Title: | Fast Embedding Guided by Self-Organizing Map |
---|---|
Description: | Provides a smooth mapping of multidimensional points into low-dimensional space defined by a self-organizing map. Designed to work with 'FlowSOM' and flow-cytometry use-cases.

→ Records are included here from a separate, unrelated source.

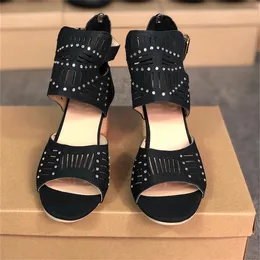 2021 Designer Women Sandal Summer High Heel Sandals Black Blue Party Slides with Crystals Beach Outdoor Casual Shoes large size W7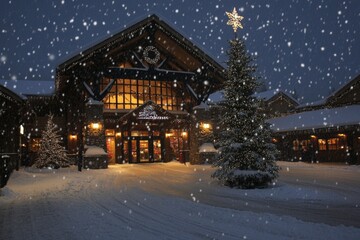 Fototapeta premium Snowcovered small town with twinkling Christmas tree, cozy houses, festive decorations under starry winter sky.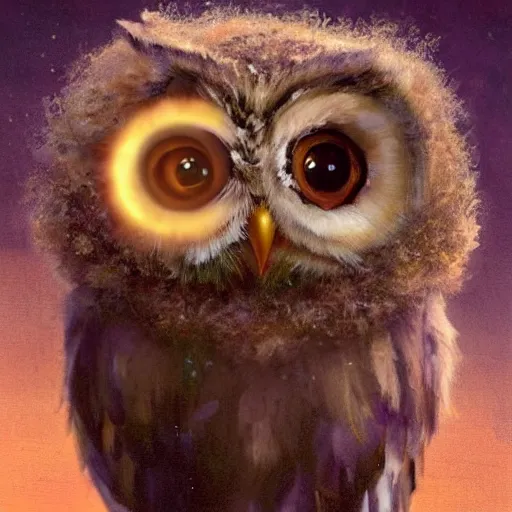 Prompt: long shot of a very fluffy cute owl chick nesting in a cup, esao andrews, by m. w. kaluta, humorous illustration, hyperrealistic, tilt shift, warm colors, night scenery, low light, 3 d octane render, 4 k, volumetric lights, smooth, cosy atmosphere, conceptart, hyperdetailed, trending on deviantart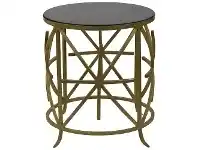 LivingStyles Jane Stone Topped Iron Round Side Table, Antique Gold offer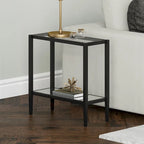 Table d'appoint rectangulaire Hera 24 avec étagère en verre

See Kratochvil et al. (2019) <doi:10.12688/f1000research.21642.1>. |
Authors: | Mirek Kratochvil [aut, cre], Sofie Van Gassen [cph], Britt Callebaut [cph], Yvan Saeys [cph], Ron Wehrens [cph] |
Maintainer: | Mirek Kratochvil <[email protected]> |
License: | GPL (>= 3) |
Version: | 2.1.2 |
Built: | 2025-01-07 06:16:57 UTC |
Source: | https://github.com/exaexa/embedsom |
An acceptable cluster color palette
ClusterPalette(n, vcycle = c(1, 0.7), scycle = c(0.7, 1), alpha = 1)
ClusterPalette(n, vcycle = c(1, 0.7), scycle = c(0.7, 1), alpha = 1)
n |
How many colors to generate |
vcycle , scycle
|
Small vectors with cycles of saturation/value for hsv |
alpha |
Opacity of the colors |
EmbedSOM::ClusterPalette(10)
EmbedSOM::ClusterPalette(10)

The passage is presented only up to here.